Ideally, lawmakers would do away with the law. But we recognize that the state's most powerful politicians, starting with Gov. Rick Scott, have no interest in repeal. So the best that's possible, for now, is to make it less prone to abuse.
The 2005 statute says those who feel threatened with death or serious injury can stand their ground and respond with deadly force, and be shielded from arrest, prosecution and lawsuits. But a review last year by the Tampa Bay Times found dozens of cases in which the law had been used successfully as a legal defense by people who had been looking for fights, shot unarmed victims or chased them down.
This month the Senate Judiciary Committee merged bills to amend "stand your ground." One was sponsored by Sen. Chris Smith, a Fort Lauderdale Democrat and a longtime critic of the law. The other was sponsored by Sen. David Simmons, an Altamonte Springs Republican and the drafter of the original law.
The measure would require that law enforcement set guidelines for Neighborhood Watch groups and ban members from confronting individuals. It would tighten the law's language to make it more difficult for persons who are aggressors from using "stand your ground" as a defense.
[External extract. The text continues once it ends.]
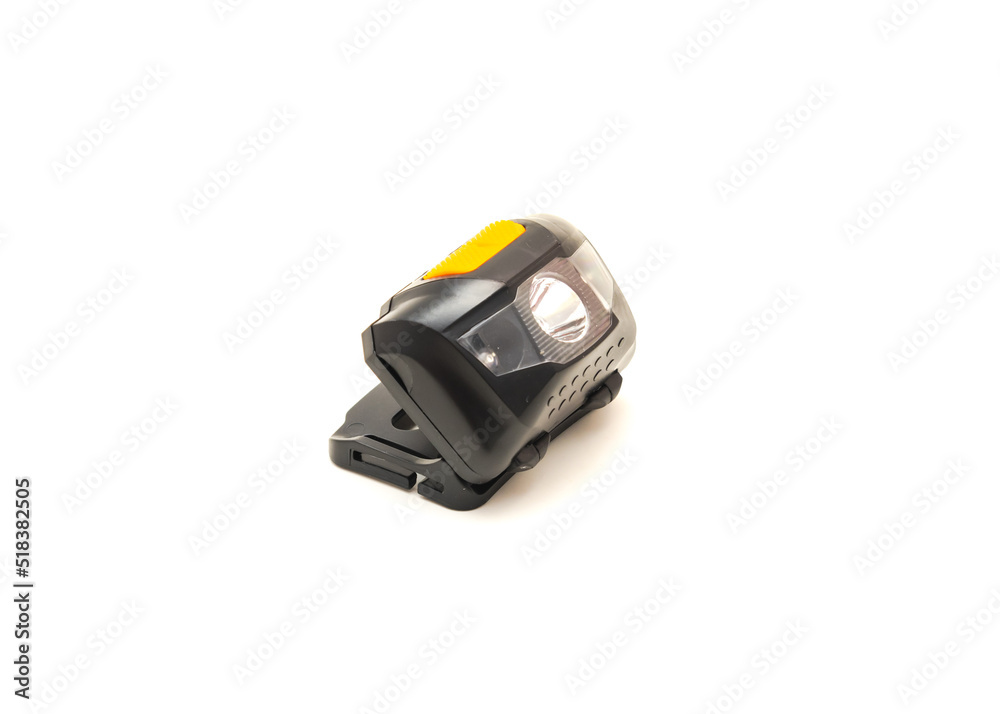 Side view double switches on black headlamp with white LED bulb isolated on white background Side view double switches on black headlamp with white LED bulb isolated on white background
And it would do away with immunity from civil lawsuits in a "stand your ground" case in which gross negligence leads to injury or death.
While the bill passed 7-2 in the Senate Judiciary committee, its prospects in the House aren't as bright. House Criminal Justice Subcommittee Chairman Matt Gaetz, a Fort Walton Beach Republican, has said he doesn't want to change one "damn comma" in the statute.
Yet even Rep. Dennis Baxley, the Ocala Republican who sponsored the law, has said he doesn't understand why prosecutors wouldn't go after drug dealers and other felons who shoot someone and then claim self-defense.
"'Stand your ground' was written for law-abiding citizens who are doing nothing wrong," he told the Ocala Star Banner this summer. "I think it's perfectly clear that this doesn't apply if you're doing something illegal."
In practice, the law hasn't been clear. The good news is after eight years of confounding claims and puzzling interpretations, some senators have decided to do something about it. We urge House members to follow suit.